Starlab is the name given to the planned LEO space station designed by Nanoracks for commercial space activities uses. The company released preliminary plans in October 2021. The main structure of Starlab consists of a large inflatable habitat to be built by Lockheed Martin and a metallic docking node. The station is being designed to support 4 persons in 340 m3 of volume. The station also features a 60 kW power and propulsion element, a large robotic arm for servicing cargo and external payloads. The station is supposed to be operational in 2027. The company has partnered with other companies to realise the project:
 Nanoracks: Nanoracks owns and operates Starlab and GWC Science Park. Nanoracks, a leader in commercial space services, will respond quickly to customer needs and prioritize on-orbit activities;
 Voyager Space: Voyager, the majority stakeholder in Nanoracks;
 Lockheed Martin: Lockheed Martin builds spacecraft systems. The company serves as the technical integrator for Starlab and will develop Starlab’s inflatable habitat module.  After launch, Lockheed Martin will operate the system under Nanoracks’ leadership.
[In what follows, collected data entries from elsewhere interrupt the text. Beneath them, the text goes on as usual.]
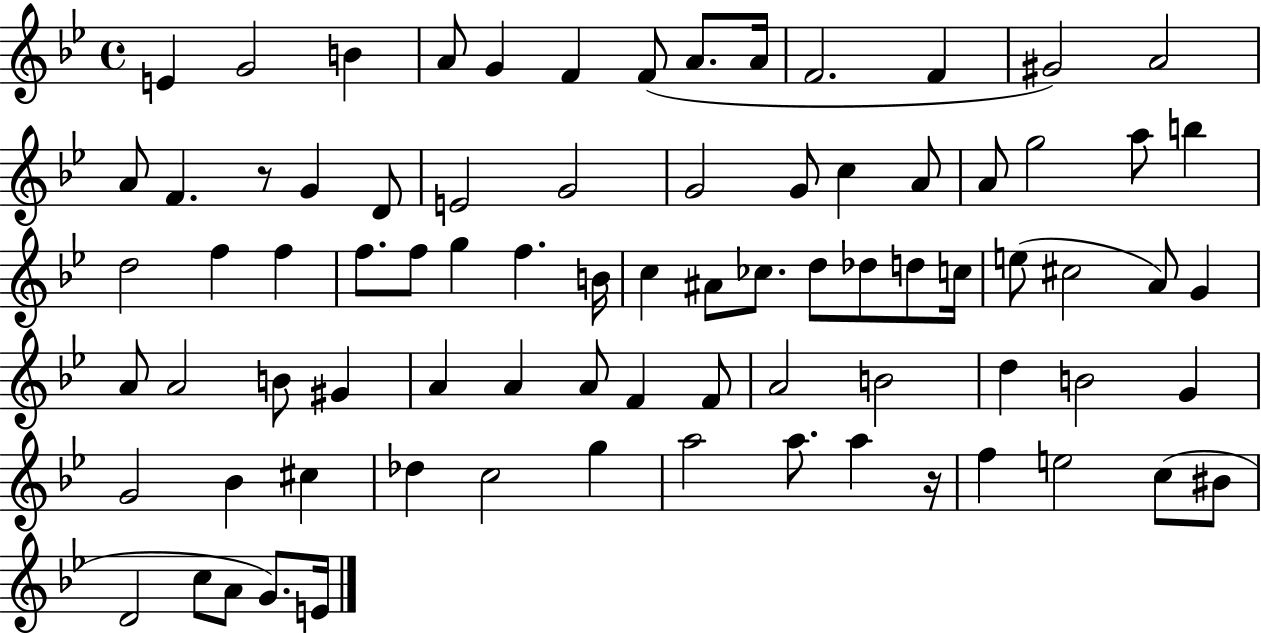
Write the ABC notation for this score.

X:1
T:Untitled
M:4/4
L:1/4
K:Bb
E G2 B A/2 G F F/2 A/2 A/4 F2 F ^G2 A2 A/2 F z/2 G D/2 E2 G2 G2 G/2 c A/2 A/2 g2 a/2 b d2 f f f/2 f/2 g f B/4 c ^A/2 _c/2 d/2 _d/2 d/2 c/4 e/2 ^c2 A/2 G A/2 A2 B/2 ^G A A A/2 F F/2 A2 B2 d B2 G G2 _B ^c _d c2 g a2 a/2 a z/4 f e2 c/2 ^B/2 D2 c/2 A/2 G/2 E/4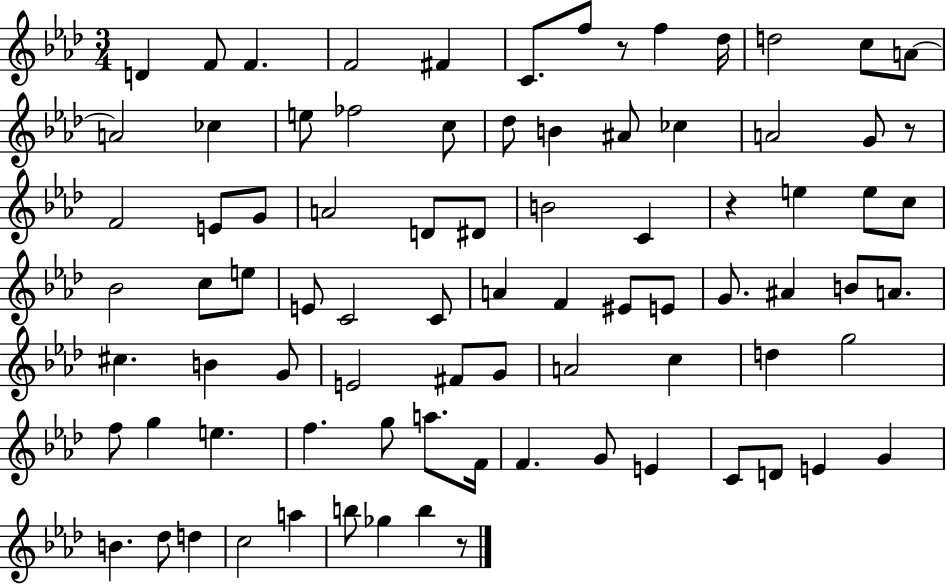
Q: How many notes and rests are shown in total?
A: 84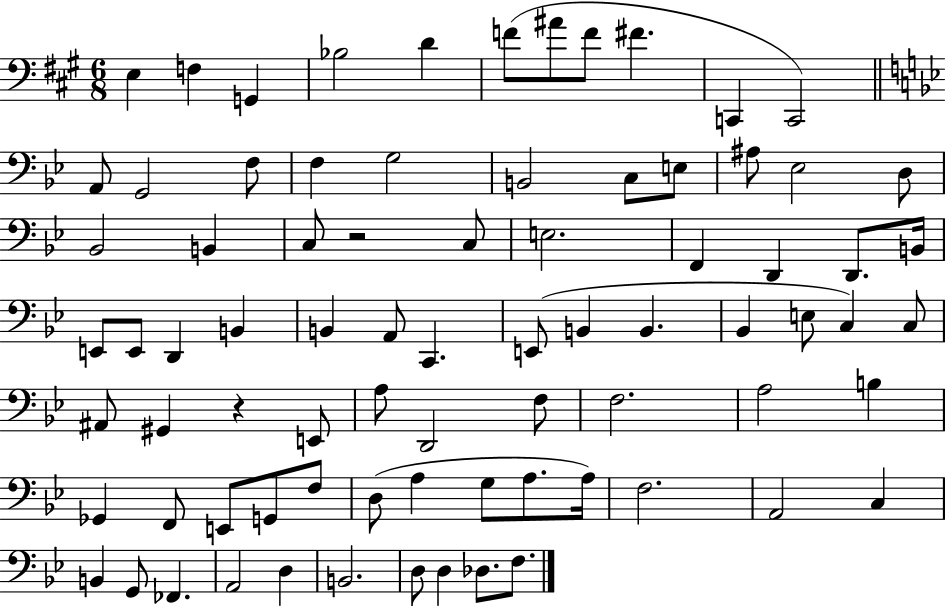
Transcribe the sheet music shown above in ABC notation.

X:1
T:Untitled
M:6/8
L:1/4
K:A
E, F, G,, _B,2 D F/2 ^A/2 F/2 ^F C,, C,,2 A,,/2 G,,2 F,/2 F, G,2 B,,2 C,/2 E,/2 ^A,/2 _E,2 D,/2 _B,,2 B,, C,/2 z2 C,/2 E,2 F,, D,, D,,/2 B,,/4 E,,/2 E,,/2 D,, B,, B,, A,,/2 C,, E,,/2 B,, B,, _B,, E,/2 C, C,/2 ^A,,/2 ^G,, z E,,/2 A,/2 D,,2 F,/2 F,2 A,2 B, _G,, F,,/2 E,,/2 G,,/2 F,/2 D,/2 A, G,/2 A,/2 A,/4 F,2 A,,2 C, B,, G,,/2 _F,, A,,2 D, B,,2 D,/2 D, _D,/2 F,/2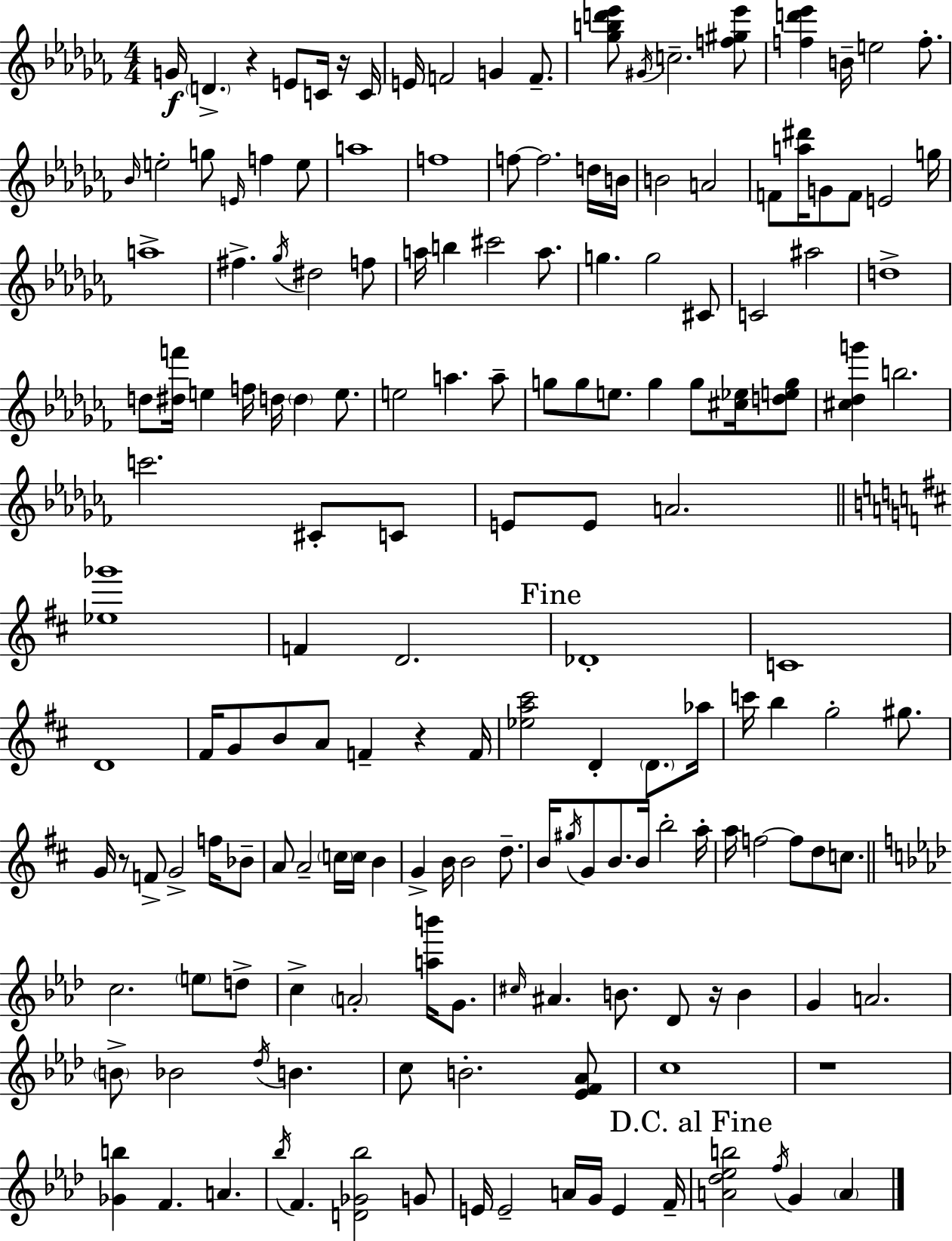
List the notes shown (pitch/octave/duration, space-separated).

G4/s D4/q. R/q E4/e C4/s R/s C4/s E4/s F4/h G4/q F4/e. [Gb5,B5,D6,Eb6]/e G#4/s C5/h. [F5,G#5,Eb6]/e [F5,D6,Eb6]/q B4/s E5/h F5/e. Bb4/s E5/h G5/e E4/s F5/q E5/e A5/w F5/w F5/e F5/h. D5/s B4/s B4/h A4/h F4/e [A5,D#6]/s G4/e F4/e E4/h G5/s A5/w F#5/q. Gb5/s D#5/h F5/e A5/s B5/q C#6/h A5/e. G5/q. G5/h C#4/e C4/h A#5/h D5/w D5/e [D#5,F6]/s E5/q F5/s D5/s D5/q E5/e. E5/h A5/q. A5/e G5/e G5/e E5/e. G5/q G5/e [C#5,Eb5]/s [D5,E5,G5]/e [C#5,Db5,G6]/q B5/h. C6/h. C#4/e C4/e E4/e E4/e A4/h. [Eb5,Gb6]/w F4/q D4/h. Db4/w C4/w D4/w F#4/s G4/e B4/e A4/e F4/q R/q F4/s [Eb5,A5,C#6]/h D4/q D4/e. Ab5/s C6/s B5/q G5/h G#5/e. G4/s R/e F4/e G4/h F5/s Bb4/e A4/e A4/h C5/s C5/s B4/q G4/q B4/s B4/h D5/e. B4/s G#5/s G4/e B4/e. B4/s B5/h A5/s A5/s F5/h F5/e D5/e C5/e. C5/h. E5/e D5/e C5/q A4/h [A5,B6]/s G4/e. C#5/s A#4/q. B4/e. Db4/e R/s B4/q G4/q A4/h. B4/e Bb4/h Db5/s B4/q. C5/e B4/h. [Eb4,F4,Ab4]/e C5/w R/w [Gb4,B5]/q F4/q. A4/q. Bb5/s F4/q. [D4,Gb4,Bb5]/h G4/e E4/s E4/h A4/s G4/s E4/q F4/s [A4,Db5,Eb5,B5]/h F5/s G4/q A4/q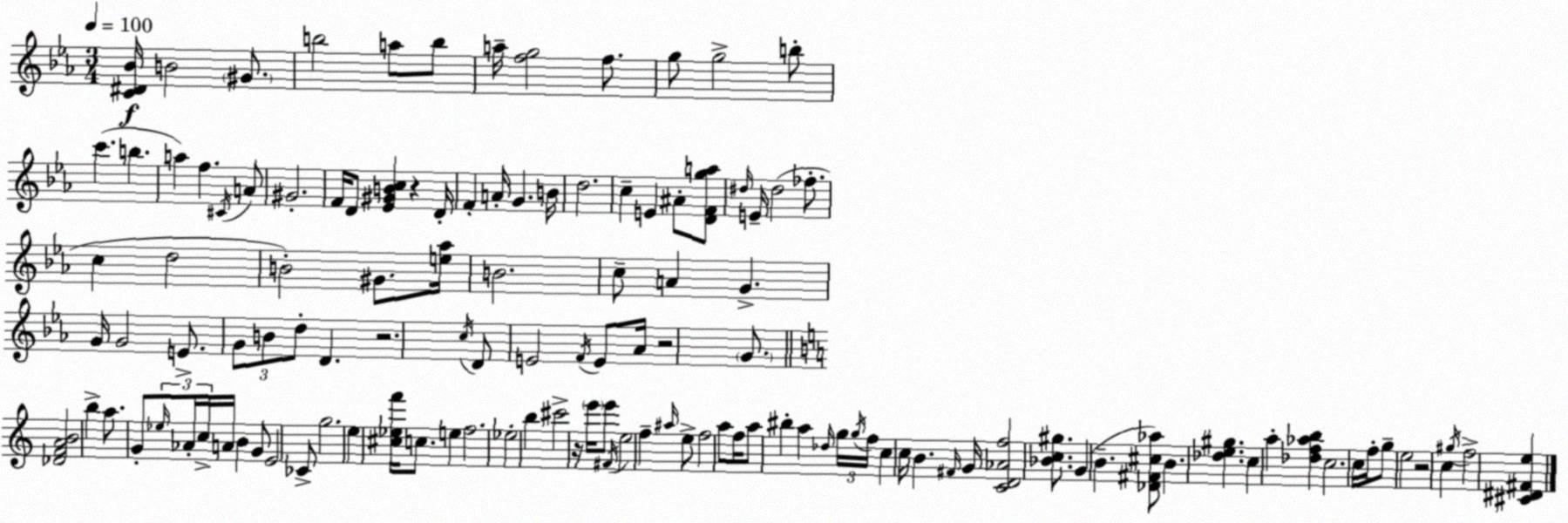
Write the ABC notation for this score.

X:1
T:Untitled
M:3/4
L:1/4
K:Cm
[C^D_B]/4 B2 ^G/2 b2 a/2 b/2 a/4 [fg]2 f/2 g/2 g2 b/2 c' b a f ^C/4 A/2 ^G2 F/4 D/2 [_E^GBc] z D/4 F A/4 G B/4 d2 c E ^A/2 [DFga]/2 ^d/4 E/4 ^d2 _f/2 c d2 B2 ^G/2 [e_a]/4 B2 c/2 A G G/4 G2 E/2 G/2 B/2 d/2 D z2 c/4 D/2 E2 F/4 E/2 _A/4 z2 G/2 [_DFAB]2 b a/2 G/2 _e/4 _A/4 c/4 A/4 B G/2 E2 _C/2 g2 e [^c_ef']/4 c/2 e f2 _e2 b ^c'2 z/4 e'/4 e'/2 ^F/4 e2 f ^a/4 e/2 f2 a/2 f/4 a/2 ^b a _d/4 g/4 g/4 f/4 c c/4 B ^F/4 G/4 [CD_Af]2 [_Bc^g]/2 G B [_D^F^c_a]/2 B [_de^g] c a [_df_ab] c2 c/4 f/4 g/2 e2 z2 c ^g/4 f2 [^C^D^Fe]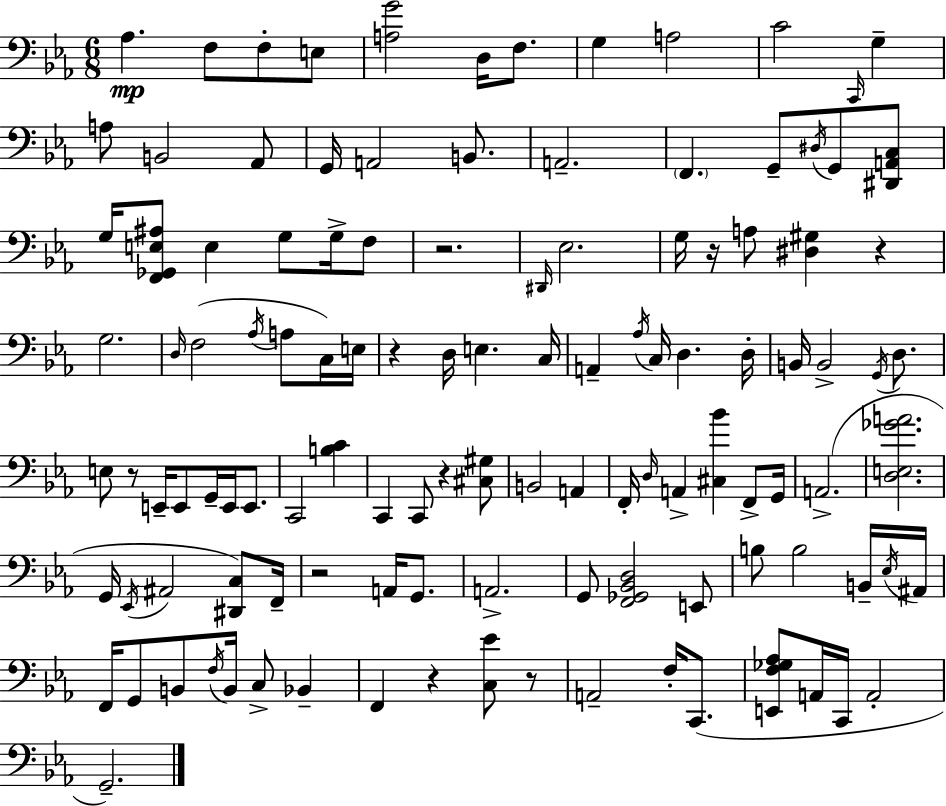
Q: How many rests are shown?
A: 9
 Airbus: Airbus builds spacecraft systems and is a major contractor with ESA. The company will provide “technical design support and expertise” for Starlab. 

On 2 December 2021, NASA announced it had selected Nanoracks, as one of three companies, to develop designs of space stations and other commercial destinations in space. Nanoracks was awarded $160 million. These Space Act Agreements are the first phase of two with which NASA aims to maintain an uninterrupted U.S. presence in low-Earth orbit by transitioning from the International Space Station to other platforms.

On 4 January 2023, it was announced Airbus would join the Starlab project.  “Working with Airbus we will expand Starlab’s ecosystem to serve the European Space Agency (ESA) and its member state space agencies to continue their microgravity research in LEO,” Dylan Taylor, chairman and chief executive of Voyager Space, said in the announcement.